**DIRECTIONS**
The expected output is every entry, repeated exactly.

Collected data
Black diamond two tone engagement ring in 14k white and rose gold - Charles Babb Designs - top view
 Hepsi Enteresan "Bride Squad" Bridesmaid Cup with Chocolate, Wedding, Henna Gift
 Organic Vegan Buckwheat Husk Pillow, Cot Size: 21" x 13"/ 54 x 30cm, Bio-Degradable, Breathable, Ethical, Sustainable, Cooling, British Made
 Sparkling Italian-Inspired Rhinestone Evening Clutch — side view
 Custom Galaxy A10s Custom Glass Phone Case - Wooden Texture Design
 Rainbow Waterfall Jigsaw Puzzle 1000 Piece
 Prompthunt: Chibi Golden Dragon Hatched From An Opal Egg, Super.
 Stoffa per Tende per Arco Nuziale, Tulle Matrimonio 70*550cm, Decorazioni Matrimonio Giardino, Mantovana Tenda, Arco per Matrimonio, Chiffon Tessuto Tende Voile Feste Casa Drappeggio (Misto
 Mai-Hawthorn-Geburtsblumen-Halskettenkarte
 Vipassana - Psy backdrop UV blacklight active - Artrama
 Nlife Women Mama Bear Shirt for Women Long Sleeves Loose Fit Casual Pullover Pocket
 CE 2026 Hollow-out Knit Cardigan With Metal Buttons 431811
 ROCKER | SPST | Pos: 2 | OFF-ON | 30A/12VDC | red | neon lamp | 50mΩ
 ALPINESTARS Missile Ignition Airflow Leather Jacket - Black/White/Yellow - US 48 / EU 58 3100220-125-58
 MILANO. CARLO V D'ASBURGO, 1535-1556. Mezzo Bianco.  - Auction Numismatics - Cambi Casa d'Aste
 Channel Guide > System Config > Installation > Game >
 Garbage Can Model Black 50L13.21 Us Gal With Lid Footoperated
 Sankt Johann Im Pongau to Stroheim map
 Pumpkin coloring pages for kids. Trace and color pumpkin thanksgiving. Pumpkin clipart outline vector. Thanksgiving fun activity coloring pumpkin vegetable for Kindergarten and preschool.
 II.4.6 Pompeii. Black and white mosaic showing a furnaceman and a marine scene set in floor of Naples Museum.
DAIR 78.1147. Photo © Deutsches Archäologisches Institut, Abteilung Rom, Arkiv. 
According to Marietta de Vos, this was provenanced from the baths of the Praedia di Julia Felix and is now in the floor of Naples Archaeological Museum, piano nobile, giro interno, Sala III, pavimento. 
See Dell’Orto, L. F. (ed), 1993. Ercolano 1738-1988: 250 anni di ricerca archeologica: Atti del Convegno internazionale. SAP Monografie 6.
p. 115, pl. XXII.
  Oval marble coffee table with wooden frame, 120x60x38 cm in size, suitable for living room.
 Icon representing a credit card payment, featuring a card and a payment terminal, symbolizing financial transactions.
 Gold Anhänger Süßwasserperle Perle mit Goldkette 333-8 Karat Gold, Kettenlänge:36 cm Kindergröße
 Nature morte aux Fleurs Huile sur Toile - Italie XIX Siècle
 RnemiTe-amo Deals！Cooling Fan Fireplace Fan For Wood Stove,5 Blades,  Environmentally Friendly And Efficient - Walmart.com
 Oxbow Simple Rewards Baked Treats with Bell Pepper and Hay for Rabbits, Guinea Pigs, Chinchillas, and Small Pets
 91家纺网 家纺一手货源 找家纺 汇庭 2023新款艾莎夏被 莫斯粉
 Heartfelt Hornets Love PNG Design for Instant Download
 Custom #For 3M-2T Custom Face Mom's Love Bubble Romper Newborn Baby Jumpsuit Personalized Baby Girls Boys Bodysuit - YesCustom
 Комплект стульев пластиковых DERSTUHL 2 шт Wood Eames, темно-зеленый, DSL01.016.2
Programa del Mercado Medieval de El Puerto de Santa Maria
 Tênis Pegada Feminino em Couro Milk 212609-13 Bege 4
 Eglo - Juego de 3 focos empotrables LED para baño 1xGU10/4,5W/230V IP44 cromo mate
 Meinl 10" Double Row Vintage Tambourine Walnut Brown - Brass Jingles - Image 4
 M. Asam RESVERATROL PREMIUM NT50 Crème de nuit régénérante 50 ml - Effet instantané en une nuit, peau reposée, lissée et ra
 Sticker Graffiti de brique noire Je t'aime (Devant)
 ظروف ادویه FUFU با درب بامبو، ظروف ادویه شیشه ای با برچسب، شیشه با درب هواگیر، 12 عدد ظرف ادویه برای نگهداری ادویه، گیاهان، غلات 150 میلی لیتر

**RESULT FOR THIS EXERCISE**
Black diamond two tone engagement ring in 14k white and rose gold - Charles Babb Designs - top view
 Hepsi Enteresan "Bride Squad" Bridesmaid Cup with Chocolate, Wedding, Henna Gift
 Organic Vegan Buckwheat Husk Pillow, Cot Size: 21" x 13"/ 54 x 30cm, Bio-Degradable, Breathable, Ethical, Sustainable, Cooling, British Made
 Sparkling Italian-Inspired Rhinestone Evening Clutch — side view
 Custom Galaxy A10s Custom Glass Phone Case - Wooden Texture Design
 Rainbow Waterfall Jigsaw Puzzle 1000 Piece
 Prompthunt: Chibi Golden Dragon Hatched From An Opal Egg, Super.
 Stoffa per Tende per Arco Nuziale, Tulle Matrimonio 70*550cm, Decorazioni Matrimonio Giardino, Mantovana Tenda, Arco per Matrimonio, Chiffon Tessuto Tende Voile Feste Casa Drappeggio (Misto
 Mai-Hawthorn-Geburtsblumen-Halskettenkarte
 Vipassana - Psy backdrop UV blacklight active - Artrama
 Nlife Women Mama Bear Shirt for Women Long Sleeves Loose Fit Casual Pullover Pocket
 CE 2026 Hollow-out Knit Cardigan With Metal Buttons 431811
 ROCKER | SPST | Pos: 2 | OFF-ON | 30A/12VDC | red | neon lamp | 50mΩ
 ALPINESTARS Missile Ignition Airflow Leather Jacket - Black/White/Yellow - US 48 / EU 58 3100220-125-58
 MILANO. CARLO V D'ASBURGO, 1535-1556. Mezzo Bianco.  - Auction Numismatics - Cambi Casa d'Aste
 Channel Guide > System Config > Installation > Game >
 Garbage Can Model Black 50L13.21 Us Gal With Lid Footoperated
 Sankt Johann Im Pongau to Stroheim map
 Pumpkin coloring pages for kids. Trace and color pumpkin thanksgiving. Pumpkin clipart outline vector. Thanksgiving fun activity coloring pumpkin vegetable for Kindergarten and preschool.
 II.4.6 Pompeii. Black and white mosaic showing a furnaceman and a marine scene set in floor of Naples Museum.
DAIR 78.1147. Photo © Deutsches Archäologisches Institut, Abteilung Rom, Arkiv. 
According to Marietta de Vos, this was provenanced from the baths of the Praedia di Julia Felix and is now in the floor of Naples Archaeological Museum, piano nobile, giro interno, Sala III, pavimento. 
See Dell’Orto, L. F. (ed), 1993. Ercolano 1738-1988: 250 anni di ricerca archeologica: Atti del Convegno internazionale. SAP Monografie 6.
p. 115, pl. XXII.
  Oval marble coffee table with wooden frame, 120x60x38 cm in size, suitable for living room.
 Icon representing a credit card payment, featuring a card and a payment terminal, symbolizing financial transactions.
 Gold Anhänger Süßwasserperle Perle mit Goldkette 333-8 Karat Gold, Kettenlänge:36 cm Kindergröße
 Nature morte aux Fleurs Huile sur Toile - Italie XIX Siècle
 RnemiTe-amo Deals！Cooling Fan Fireplace Fan For Wood Stove,5 Blades,  Environmentally Friendly And Efficient - Walmart.com
 Oxbow Simple Rewards Baked Treats with Bell Pepper and Hay for Rabbits, Guinea Pigs, Chinchillas, and Small Pets
 91家纺网 家纺一手货源 找家纺 汇庭 2023新款艾莎夏被 莫斯粉
 Heartfelt Hornets Love PNG Design for Instant Download
 Custom #For 3M-2T Custom Face Mom's Love Bubble Romper Newborn Baby Jumpsuit Personalized Baby Girls Boys Bodysuit - YesCustom
 Комплект стульев пластиковых DERSTUHL 2 шт Wood Eames, темно-зеленый, DSL01.016.2
Programa del Mercado Medieval de El Puerto de Santa Maria
 Tênis Pegada Feminino em Couro Milk 212609-13 Bege 4
 Eglo - Juego de 3 focos empotrables LED para baño 1xGU10/4,5W/230V IP44 cromo mate
 Meinl 10" Double Row Vintage Tambourine Walnut Brown - Brass Jingles - Image 4
 M. Asam RESVERATROL PREMIUM NT50 Crème de nuit régénérante 50 ml - Effet instantané en une nuit, peau reposée, lissée et ra
 Sticker Graffiti de brique noire Je t'aime (Devant)
 ظروف ادویه FUFU با درب بامبو، ظروف ادویه شیشه ای با برچسب، شیشه با درب هواگیر، 12 عدد ظرف ادویه برای نگهداری ادویه، گیاهان، غلات 150 میلی لیتر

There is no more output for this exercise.